La simple affirmation dans l’acte d’accusation qu’il y a eu possession de marchandises de provenance étrangère ne suffit pas pour conclure que la poursuite s’est acquittée du fardeau de sorte que l’accusé soit tenu de faire une preuve selon la prépondérance des probabilités. Comme je l’ai dit, il serait impossible de s’acquitter du fardeau de la preuve prévu à l’art. 248 s’il suffisait simplement d’affirmer dans l’acte d’accusation qu’il y a possession et provenance étrangère.

Dans les circonstances en l’espèce, puisque la poursuite ne s’est pas acquittée de l’exigence de preuve minimum énoncée ci-dessus, les dispositions du par. 248(1) relatives au déplacement du fardeau de la preuve ne s’appliquent pas, et la poursuite reste par conséquent tenue d’établir hors de tout doute raisonnable l’importation illégale.
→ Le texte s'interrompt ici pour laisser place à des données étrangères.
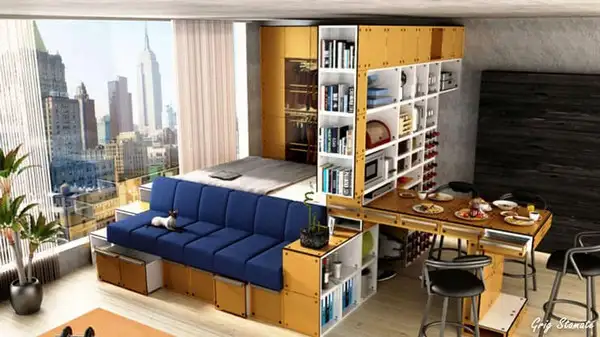 imagem de decoração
Puisqu’elle admet n’avoir apporté aucune preuve à l’appui de cette conclusion, son pourvoi échoue et doit être rejeté.

Version française des motifs des juges Martland, Ritchie et Chouinard rendus par

LE JUGE RITCHIE (dissident) — Il s’agit d’un pourvoi interjeté sur autorisation de cette Cour contre un arrêt de la Cour d’appel de la Saskatche-

[Page 204]

wan qui a accueilli l’appel de l’intimé contre la déclaration de culpabilité prononcée à l’issue d’un procès devant le juge Kindred de la Cour de district de la Saskatchewan sur l’accusation

[TRADUCTION] …que ledit Gene Shelley de la ville de Winnipeg, dans la province du Manitoba a, le 3 avril 1978 ou vers cette date, dans la ville de Yorkton, dans la province de la Saskatchewan, sans excuse légitime, eu en sa possession des effets illégalement importés au Canada, soit une bague d’opale et de saphir pour dame, deux bagues à diamant pour homme et un diamant jaune, ces biens ayant une valeur imposable de deux cents dollars ou plus, en violation des dispositions du par. 205(3) de la Loi sur les douanes, S.R.C.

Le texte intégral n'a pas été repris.